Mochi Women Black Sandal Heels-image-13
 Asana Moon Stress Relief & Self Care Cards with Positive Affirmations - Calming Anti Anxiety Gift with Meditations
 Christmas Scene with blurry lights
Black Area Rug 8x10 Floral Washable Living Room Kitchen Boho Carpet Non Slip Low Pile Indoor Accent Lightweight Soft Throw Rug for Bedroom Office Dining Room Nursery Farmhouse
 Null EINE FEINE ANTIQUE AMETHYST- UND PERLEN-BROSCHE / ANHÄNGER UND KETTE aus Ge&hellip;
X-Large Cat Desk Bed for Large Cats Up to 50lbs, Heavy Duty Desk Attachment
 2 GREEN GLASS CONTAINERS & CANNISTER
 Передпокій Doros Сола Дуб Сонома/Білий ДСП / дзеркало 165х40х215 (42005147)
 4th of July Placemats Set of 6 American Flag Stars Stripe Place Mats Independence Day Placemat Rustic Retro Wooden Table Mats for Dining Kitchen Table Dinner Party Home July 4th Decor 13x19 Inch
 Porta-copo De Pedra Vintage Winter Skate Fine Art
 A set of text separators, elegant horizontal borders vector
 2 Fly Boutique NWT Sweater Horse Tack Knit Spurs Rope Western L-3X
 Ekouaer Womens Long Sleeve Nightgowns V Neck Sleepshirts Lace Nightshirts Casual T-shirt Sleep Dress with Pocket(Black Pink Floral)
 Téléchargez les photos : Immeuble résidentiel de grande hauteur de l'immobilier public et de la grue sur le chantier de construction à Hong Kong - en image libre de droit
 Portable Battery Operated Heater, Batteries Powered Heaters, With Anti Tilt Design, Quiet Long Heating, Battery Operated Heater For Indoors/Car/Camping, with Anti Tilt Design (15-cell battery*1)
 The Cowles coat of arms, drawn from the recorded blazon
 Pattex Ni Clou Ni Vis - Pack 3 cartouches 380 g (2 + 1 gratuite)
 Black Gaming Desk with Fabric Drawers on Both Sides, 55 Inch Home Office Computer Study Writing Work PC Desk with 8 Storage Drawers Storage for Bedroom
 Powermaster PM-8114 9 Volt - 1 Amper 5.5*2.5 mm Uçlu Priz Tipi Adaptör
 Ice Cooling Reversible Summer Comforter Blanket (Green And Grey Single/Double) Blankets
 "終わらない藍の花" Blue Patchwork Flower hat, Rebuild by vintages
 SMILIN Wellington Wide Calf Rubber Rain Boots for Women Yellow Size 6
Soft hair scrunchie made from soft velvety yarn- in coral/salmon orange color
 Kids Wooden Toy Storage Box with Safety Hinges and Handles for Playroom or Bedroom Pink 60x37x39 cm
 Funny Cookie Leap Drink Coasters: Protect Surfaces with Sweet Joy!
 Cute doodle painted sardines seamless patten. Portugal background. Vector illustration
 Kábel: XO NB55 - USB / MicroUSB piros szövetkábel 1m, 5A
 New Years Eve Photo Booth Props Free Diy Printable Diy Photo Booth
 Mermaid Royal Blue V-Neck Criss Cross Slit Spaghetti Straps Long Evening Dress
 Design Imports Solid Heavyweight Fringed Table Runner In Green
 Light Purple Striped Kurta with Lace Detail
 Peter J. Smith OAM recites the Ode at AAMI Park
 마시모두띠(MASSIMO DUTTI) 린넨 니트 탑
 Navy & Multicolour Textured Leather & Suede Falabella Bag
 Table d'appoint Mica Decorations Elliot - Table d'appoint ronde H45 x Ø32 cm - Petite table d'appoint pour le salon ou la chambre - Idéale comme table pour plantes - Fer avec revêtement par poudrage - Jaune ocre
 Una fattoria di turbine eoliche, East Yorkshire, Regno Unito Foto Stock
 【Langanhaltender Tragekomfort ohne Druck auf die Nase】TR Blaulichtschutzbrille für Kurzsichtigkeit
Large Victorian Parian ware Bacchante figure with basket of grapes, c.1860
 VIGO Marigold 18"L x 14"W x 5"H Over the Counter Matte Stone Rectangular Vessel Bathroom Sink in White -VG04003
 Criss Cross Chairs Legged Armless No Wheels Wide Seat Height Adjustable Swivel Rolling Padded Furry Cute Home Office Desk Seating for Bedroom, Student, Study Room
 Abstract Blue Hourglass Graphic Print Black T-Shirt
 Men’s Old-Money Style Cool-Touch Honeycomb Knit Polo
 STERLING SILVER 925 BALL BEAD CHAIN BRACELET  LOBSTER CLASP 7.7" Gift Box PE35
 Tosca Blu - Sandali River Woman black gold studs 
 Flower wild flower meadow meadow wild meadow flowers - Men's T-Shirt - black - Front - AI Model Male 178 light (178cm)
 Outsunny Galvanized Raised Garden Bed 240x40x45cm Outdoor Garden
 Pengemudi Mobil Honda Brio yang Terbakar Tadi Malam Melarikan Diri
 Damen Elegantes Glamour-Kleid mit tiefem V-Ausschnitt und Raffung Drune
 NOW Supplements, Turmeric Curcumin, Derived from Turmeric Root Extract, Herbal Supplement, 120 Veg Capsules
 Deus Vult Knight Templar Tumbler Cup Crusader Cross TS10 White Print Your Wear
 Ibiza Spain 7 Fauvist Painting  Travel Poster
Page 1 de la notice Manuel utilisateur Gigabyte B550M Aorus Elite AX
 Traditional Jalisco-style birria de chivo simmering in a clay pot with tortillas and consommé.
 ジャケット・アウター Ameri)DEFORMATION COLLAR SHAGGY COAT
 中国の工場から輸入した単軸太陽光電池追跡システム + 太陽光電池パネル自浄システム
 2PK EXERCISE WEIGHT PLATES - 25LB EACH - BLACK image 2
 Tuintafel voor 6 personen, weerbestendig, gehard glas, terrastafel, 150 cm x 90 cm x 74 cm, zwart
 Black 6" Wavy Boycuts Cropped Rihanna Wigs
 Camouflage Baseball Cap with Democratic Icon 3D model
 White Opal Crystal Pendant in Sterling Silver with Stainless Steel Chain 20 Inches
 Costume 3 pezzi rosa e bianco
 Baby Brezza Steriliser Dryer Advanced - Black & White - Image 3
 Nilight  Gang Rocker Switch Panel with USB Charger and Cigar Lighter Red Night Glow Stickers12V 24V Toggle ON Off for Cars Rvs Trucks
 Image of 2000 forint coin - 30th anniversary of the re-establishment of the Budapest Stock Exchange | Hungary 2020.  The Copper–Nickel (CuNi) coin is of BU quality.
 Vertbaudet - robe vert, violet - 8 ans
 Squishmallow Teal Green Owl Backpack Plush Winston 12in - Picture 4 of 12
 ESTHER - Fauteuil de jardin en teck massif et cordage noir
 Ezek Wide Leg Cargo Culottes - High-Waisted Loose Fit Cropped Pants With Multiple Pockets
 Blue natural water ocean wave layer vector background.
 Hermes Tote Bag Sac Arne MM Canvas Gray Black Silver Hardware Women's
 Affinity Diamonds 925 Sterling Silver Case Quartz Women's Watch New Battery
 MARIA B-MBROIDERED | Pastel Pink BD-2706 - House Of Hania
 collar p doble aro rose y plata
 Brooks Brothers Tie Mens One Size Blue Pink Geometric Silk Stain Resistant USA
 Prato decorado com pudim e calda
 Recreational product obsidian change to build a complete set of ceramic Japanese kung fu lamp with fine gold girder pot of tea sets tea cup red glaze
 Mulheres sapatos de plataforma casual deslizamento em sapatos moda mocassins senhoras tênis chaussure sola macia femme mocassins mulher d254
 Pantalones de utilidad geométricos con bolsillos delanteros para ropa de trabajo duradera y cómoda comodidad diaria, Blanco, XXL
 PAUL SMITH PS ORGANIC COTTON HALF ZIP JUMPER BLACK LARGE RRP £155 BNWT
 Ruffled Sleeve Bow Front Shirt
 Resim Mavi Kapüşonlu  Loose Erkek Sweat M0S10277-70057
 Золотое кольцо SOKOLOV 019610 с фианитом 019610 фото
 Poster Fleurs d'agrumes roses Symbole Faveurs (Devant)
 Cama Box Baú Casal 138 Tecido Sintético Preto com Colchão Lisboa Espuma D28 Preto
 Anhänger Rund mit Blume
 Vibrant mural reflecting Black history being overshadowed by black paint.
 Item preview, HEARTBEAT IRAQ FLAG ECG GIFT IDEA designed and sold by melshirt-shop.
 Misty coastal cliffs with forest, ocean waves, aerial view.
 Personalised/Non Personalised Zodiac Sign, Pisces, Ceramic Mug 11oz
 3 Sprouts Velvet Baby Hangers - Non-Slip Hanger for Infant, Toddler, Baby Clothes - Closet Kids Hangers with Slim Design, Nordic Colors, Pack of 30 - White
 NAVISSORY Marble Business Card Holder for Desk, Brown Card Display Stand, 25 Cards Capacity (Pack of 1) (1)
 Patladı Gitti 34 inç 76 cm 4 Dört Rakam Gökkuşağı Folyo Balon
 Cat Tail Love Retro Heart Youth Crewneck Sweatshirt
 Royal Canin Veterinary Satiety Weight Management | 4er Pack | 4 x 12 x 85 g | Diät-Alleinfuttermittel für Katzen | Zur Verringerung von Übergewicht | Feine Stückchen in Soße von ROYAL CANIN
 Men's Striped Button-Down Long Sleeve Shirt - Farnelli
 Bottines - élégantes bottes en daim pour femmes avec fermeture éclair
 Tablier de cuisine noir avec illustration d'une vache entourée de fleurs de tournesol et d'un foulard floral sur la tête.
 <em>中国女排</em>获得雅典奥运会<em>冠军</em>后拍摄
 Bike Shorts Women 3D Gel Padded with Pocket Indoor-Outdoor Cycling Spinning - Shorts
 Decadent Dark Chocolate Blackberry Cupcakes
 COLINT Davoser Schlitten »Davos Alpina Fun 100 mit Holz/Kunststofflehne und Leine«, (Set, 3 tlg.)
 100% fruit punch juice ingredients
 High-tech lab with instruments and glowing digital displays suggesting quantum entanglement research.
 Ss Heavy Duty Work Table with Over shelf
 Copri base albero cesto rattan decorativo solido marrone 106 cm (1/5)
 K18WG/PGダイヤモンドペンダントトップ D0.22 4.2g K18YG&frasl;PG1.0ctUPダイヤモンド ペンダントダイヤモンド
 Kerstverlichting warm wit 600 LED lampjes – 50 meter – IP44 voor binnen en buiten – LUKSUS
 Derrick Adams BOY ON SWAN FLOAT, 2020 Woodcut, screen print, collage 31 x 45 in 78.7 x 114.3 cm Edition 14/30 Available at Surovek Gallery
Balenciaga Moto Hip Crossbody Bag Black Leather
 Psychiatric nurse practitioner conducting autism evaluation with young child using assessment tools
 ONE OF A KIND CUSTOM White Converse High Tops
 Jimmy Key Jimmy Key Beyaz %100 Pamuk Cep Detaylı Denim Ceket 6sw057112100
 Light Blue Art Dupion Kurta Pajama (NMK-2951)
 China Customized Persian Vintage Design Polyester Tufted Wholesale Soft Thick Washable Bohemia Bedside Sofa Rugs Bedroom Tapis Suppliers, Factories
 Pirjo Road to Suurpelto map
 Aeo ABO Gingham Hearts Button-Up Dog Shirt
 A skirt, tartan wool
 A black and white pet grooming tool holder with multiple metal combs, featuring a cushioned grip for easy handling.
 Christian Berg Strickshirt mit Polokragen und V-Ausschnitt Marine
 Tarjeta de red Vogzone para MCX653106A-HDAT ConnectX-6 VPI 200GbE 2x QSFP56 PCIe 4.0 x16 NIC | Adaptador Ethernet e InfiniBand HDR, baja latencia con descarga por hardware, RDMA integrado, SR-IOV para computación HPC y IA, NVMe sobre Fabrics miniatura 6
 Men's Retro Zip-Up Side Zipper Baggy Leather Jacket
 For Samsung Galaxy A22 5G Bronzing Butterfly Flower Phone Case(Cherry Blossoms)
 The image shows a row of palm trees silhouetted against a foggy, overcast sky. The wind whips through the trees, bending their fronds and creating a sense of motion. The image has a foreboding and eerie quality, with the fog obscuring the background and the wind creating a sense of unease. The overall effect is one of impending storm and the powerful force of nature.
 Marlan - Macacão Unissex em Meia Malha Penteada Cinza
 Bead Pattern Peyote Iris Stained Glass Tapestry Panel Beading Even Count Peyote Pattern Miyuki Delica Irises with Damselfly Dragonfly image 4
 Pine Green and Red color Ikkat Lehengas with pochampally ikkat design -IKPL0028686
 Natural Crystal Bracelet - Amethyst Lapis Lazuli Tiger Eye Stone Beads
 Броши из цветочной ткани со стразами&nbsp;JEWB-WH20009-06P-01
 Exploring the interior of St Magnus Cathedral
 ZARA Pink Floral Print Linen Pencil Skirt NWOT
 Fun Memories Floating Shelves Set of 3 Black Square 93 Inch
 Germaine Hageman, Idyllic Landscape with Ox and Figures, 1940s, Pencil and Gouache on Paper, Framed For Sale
★ ★ ★ ★
TASK INSTRUCTIONS:
Among the entries above, the lines between the ones containing "Jimmy Key Jimmy" and "Pirjo Road to Suurpelto map", inclusive, are to be transcribed exactly. No other line is to be given.

RESULT OF THE TASK:
 Jimmy Key Jimmy Key Beyaz %100 Pamuk Cep Detaylı Denim Ceket 6sw057112100
 Light Blue Art Dupion Kurta Pajama (NMK-2951)
 China Customized Persian Vintage Design Polyester Tufted Wholesale Soft Thick Washable Bohemia Bedside Sofa Rugs Bedroom Tapis Suppliers, Factories
 Pirjo Road to Suurpelto map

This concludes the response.